EXERCISE AIM:
A stretch of the entries below is to be set down exactly, running from the line with "Ciudad Mayakoba Homes" through the line with "used 2016 Honda Civic car, priced at $11,791", both included, and no other line.

RECORDS TO USE:
'''

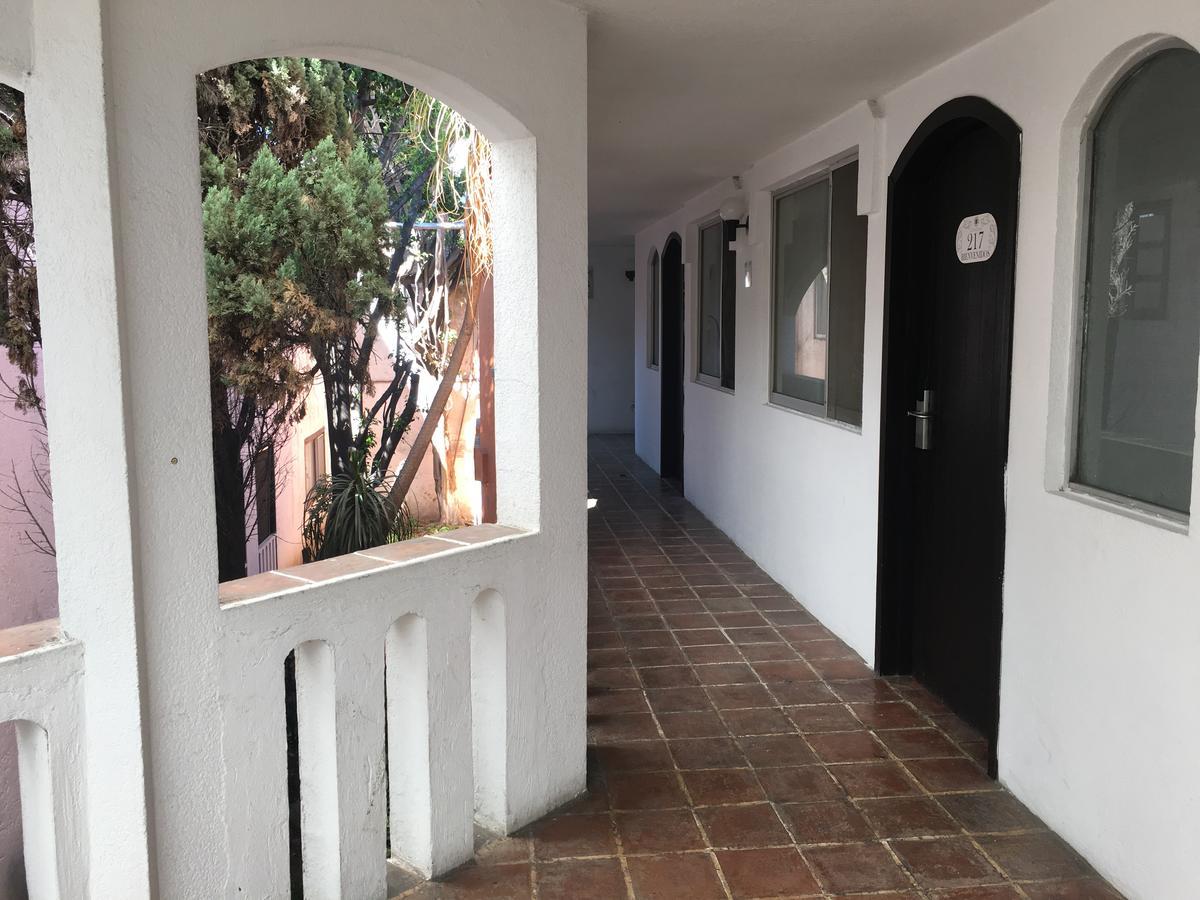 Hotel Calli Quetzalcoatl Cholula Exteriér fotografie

'''
'''

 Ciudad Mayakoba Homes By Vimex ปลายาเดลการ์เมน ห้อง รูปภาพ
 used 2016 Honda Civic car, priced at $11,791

'''
'''

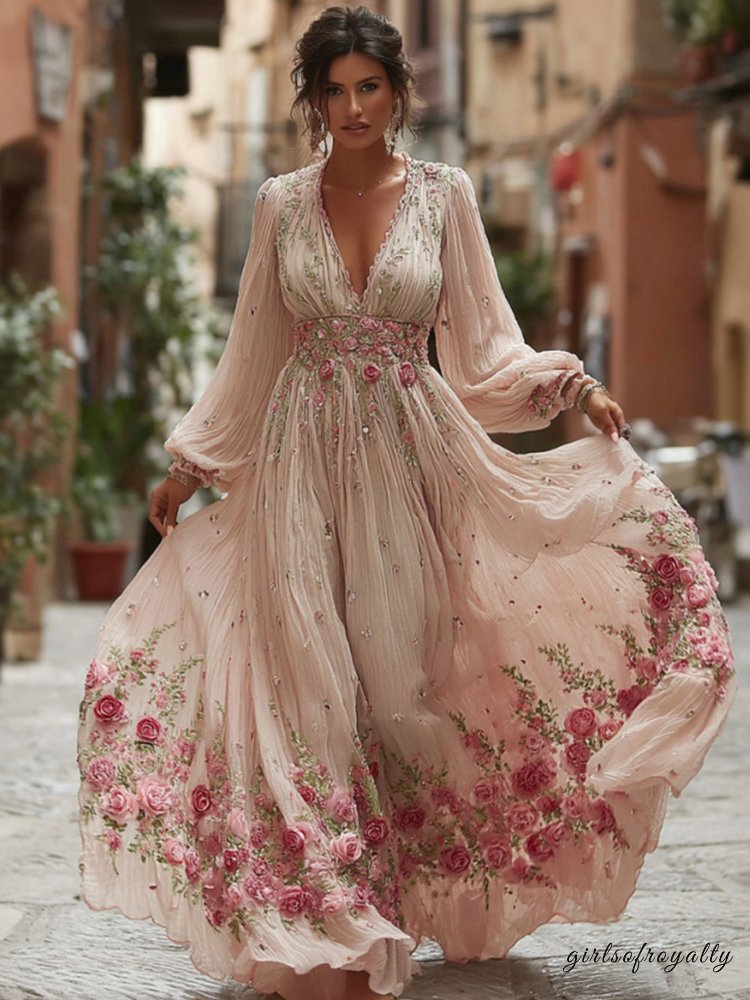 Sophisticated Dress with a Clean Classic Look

'''

RESPONSE BOX:
 Ciudad Mayakoba Homes By Vimex ปลายาเดลการ์เมน ห้อง รูปภาพ
 used 2016 Honda Civic car, priced at $11,791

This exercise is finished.